Disc Golf Exercise and Injury


In my last blog post about disc golf practice, I alluded to the need for fitness and stretching to improve our performance in disc golf. In this blog, I will look at our health as it relates to disc golf by looking at our exercise habits and the injuries we received last year. I’ll cover the numbers and types of injuries we received, and our approach to exercise as it relates to disc golf. I have experienced, and seen firsthand the issues that arise due to injuries relating to disc golf. It’s so frustrating to miss a tournament from an injury, much less an entire season. But, in any sport or activity that requires such a heavy use of body mechanics, there will be injuries, regardless of the level of fitness of its participants. Let’s see how we did last year.

Getting Injured

To start, let’s see how many of us indicated that we sustained an injury last year. According to the survey, about one in five of us were injured in 2019. Of those people, about a third of us received more than one injury.

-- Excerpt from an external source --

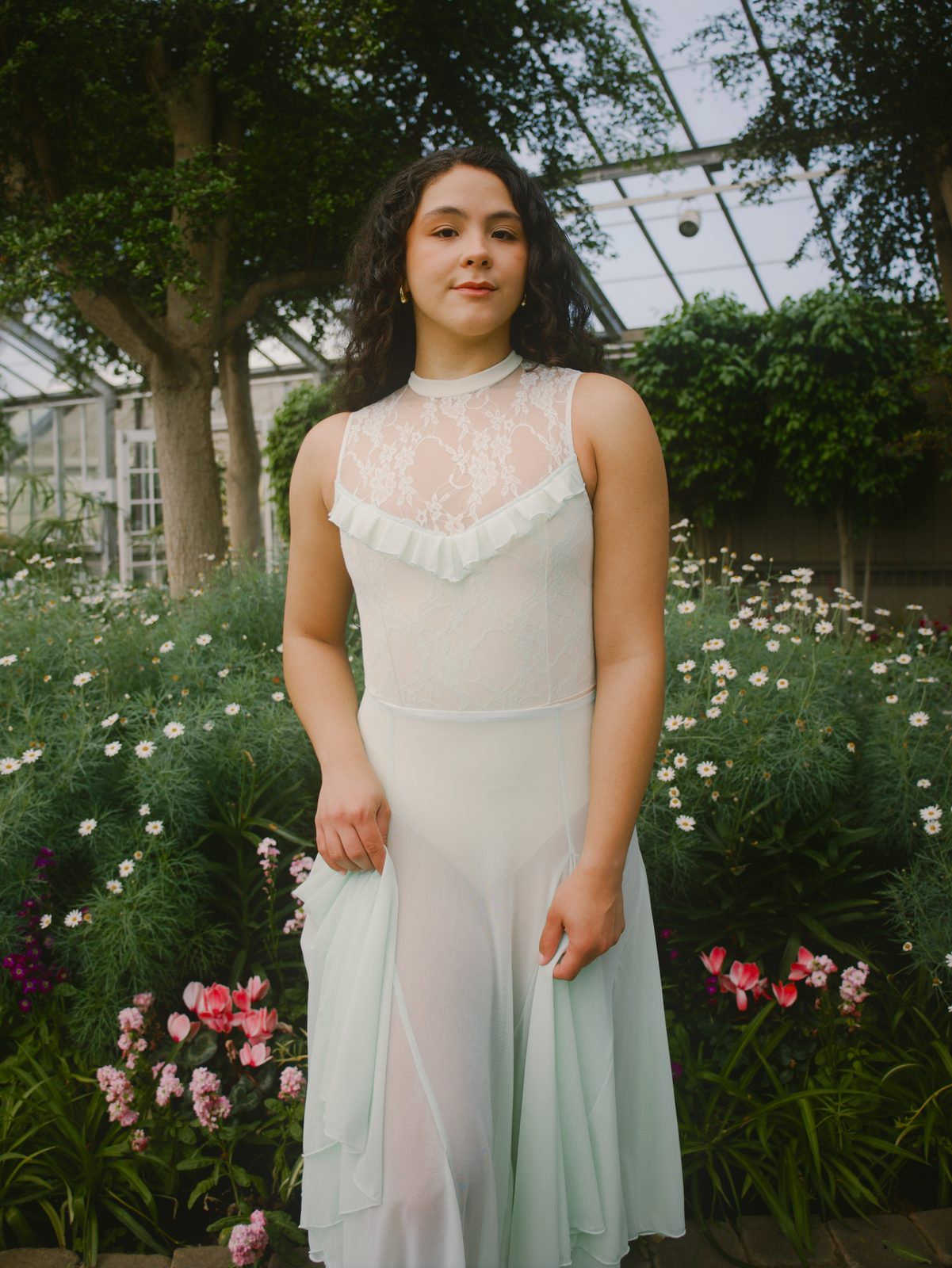 Dancer in a white lace dress among flowers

Disc Golf Injuries in 2019 Yes - 19%, No - 81%


Number of Injuries 1- 70%, 2 or more - 30%

What Gets Injured The Most

Before adding up the numbers for each type of injury to see which ones are the most common, I reached out to Seth Munsey of Disc Golf Strong. Seth works with disc golfers at all levels, and said there are two injury types that he sees the most, shoulder and elbow. He said, “We see many different injuries in disc golf, but two that stand out prominently are injuries to the shoulder and elbow. The shoulder is the most mobile joint in the body.  It’s important to build stability and strength in the shoulder to keep it safely in its socket and limit injury risk.  The elbow takes a beating when throwing forehand, so building strength in the tendons and surrounding tissues is crucial for long-term elbow health.”

The data from the survey had pretty much the same result. Shoulder and elbow injuries came in first and third for specific injuries. Here is the breakdown.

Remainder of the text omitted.